Attending a full-time Japanese language school in Tokyo is a big investment and here is a breakdown of the expenses of what an average full-time school will charge. The school you decide on may charge more or less for individual areas.

This information is provided by Akamonkai Japanese Language School. All prices are the same until you begin your second year of schooling. Textbook fees are included in the price.

Screening Fee ¥20,000 or $184.60
Enrollment Fee ¥48,000 or $443.04
Class Fee ¥640,000 or $5,907.20
Facility Fee ¥40,000 or $369.30
Subtotal ¥748,000 or $6,904.04

If you choose to stay at a language school for 2 years the cost will be the same as one year depending on which school you're attending. In some circumstances, it may become cheaper.

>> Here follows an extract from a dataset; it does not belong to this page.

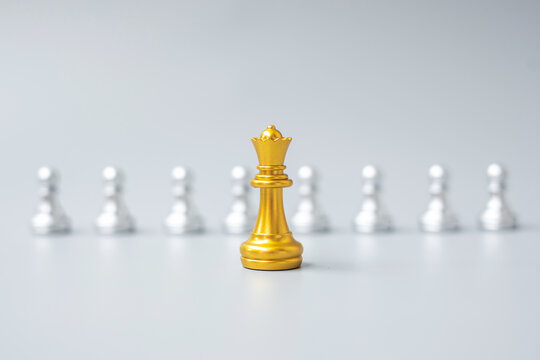 golden chess king pieces or leader businessman stand out of crowd people of silver men. leadership, business, team, teamwork and Human resource management concept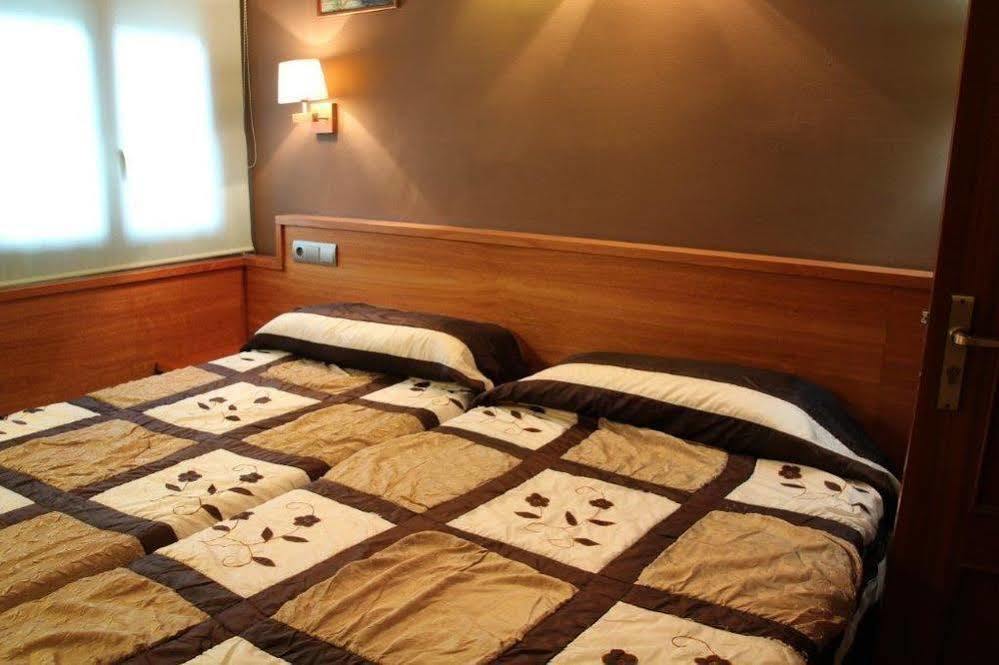 Hostal Fonda Galicia Кардедеу Экстерьер фото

Application Fee ¥21,668 or $200
Entrance Fee ¥54,171 or $500
Textbook Fee ¥6,500 or $60
Lesson Fee Per Term ¥151,679 X 2 or $1,400 X 2
Total ¥736,728 or $6,800

Application fee: 

You must pay an application fee of around 20,000 – 35,000 yen just to apply to a school. This amount is non-refundable regardless if you get the student visa or not.

Entrance fees: 

You must pay an additional cost of around 50,000 – 100,000 yen in the form of an entrance fee to enter a school. These fees come in the form of an entrance or registration fee, facility fee, and student insurance.

Textbook fees:

You normally have to pay around 6,000 - 12,000 yen in textbook fees for every two quarters. These materials come in the form of textbooks, test preparation textbooks, and vocabulary and kanji textbooks

Lesson fees: 

A school year is separated into 4 quarters and you would pay between 140,000 yen – 200,000 yen for each quarter depending on the school. You would be studying 5 days a week and 3 or 4 hours a day. Schools that charge higher lesson fees usually have more veteran teachers, somewhat smaller class sizes or a good reputation that justifies the higher tuition fees.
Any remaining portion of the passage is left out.